Norway: Public consultation on expansion of tax residency rules
Trond Eivind Johnsen
The Norwegian Ministry of Finance has proposed new rules regulating the tax residency for companies that have been opened to public consultation.
Under the proposed rules, companies will be considered as tax residents in Norway on two alternative grounds: either if they are effectively managed and controlled in or from Norway, or if they are incorporated pursuant to Norwegian company law. Further, it is suggested that the current effective place of management test is altered, involving a broader assessment. Additionally, the proposal includes a defensive rule, denying tax residency (and thus several benefits deriving from being a resident) to companies that are tax resident to another country due to a tax treaty. If adopted, the changes are scheduled to enter into force from January 1 2018.
Under the current rules, a Norwegian incorporated company may be a foreign tax resident if its effective place of management and control is outside Norway. With the new provision, entities incorporated pursuant to Norwegian company law will be considered Norwegian tax residents, unless a tax treaty or mutual agreement procedure (MAP) agreement states otherwise.
Proposed change in the effective place of management assessment
Under the current rule, companies with their effective place of management and control in Norway are considered Norwegian tax residents. According to case law, the decisive criterion seems to be where the board of directors function is carried out, i.e. normally where the decisions at the board of directors level are adopted and the board of directors meetings are held. The consultation paper accompanying the proposals suggests that the place of effective management should now entail a broader assessment, considering both the board function, the daily management and location of the business activities. The ministry argues that this is more in line with the effective place of management assessment in the OECD Model Tax Convention. For foreign companies with business in Norway, the new rule may cause uncertainty, as the proposed assessment is more complex and unclear than the existing provisions.
Denying domestic law benefits for foreign tax residents
The new provisions will include an exemption for Norwegian incorporated companies that are tax residents in another state pursuant to the tiebreaker rule in an applicable double tax treaty or a MAP agreement. The purpose is to deny possible benefits that may be derived from being a tax resident pursuant to domestic law, while a double tax treaty denies Norway the right to tax the company as a tax resident. Nonetheless, it should be noted that all entities incorporated pursuant to Norwegian company law will still be obliged to file an annual tax return, regardless of whether they are regarded as a non-resident due to the proposed defensive rule.
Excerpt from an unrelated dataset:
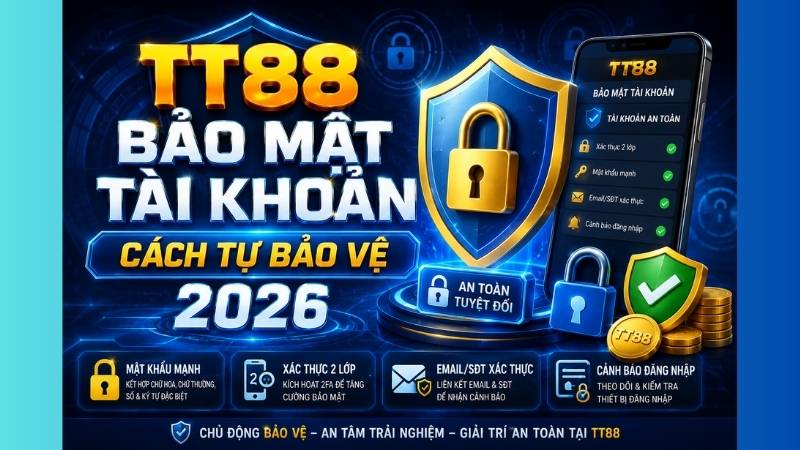 TT88 Bảo Mật Tài Khoản – Cách Tự Bảo Vệ 2026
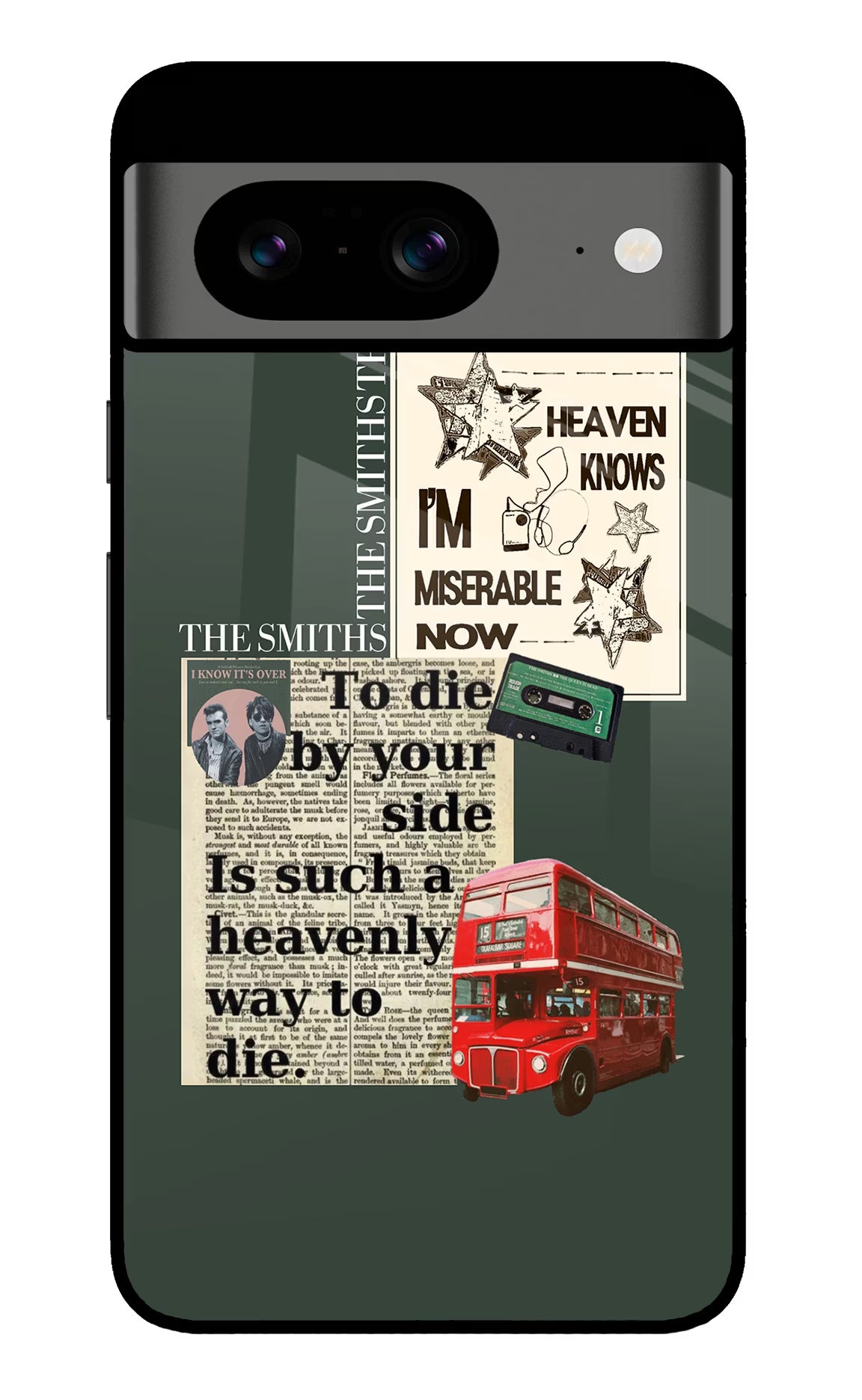 The Smiths Google Pixel 8 Glass Case Back Cover by Casekaro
Establishing tax book values for companies becoming Norwegian tax residents
As the new provisions may lead to new companies becoming Norwegian tax residents, the consultation paper does propose a rule that regulates tax book values for the company's assets and liabilities. The tax book value of tangible and intangible fixed assets should be the original purchase or cost price reduced by simulated depreciation according to Norwegian tax law. For other assets and liabilities, the tax book value will be the market value on December 31 2017.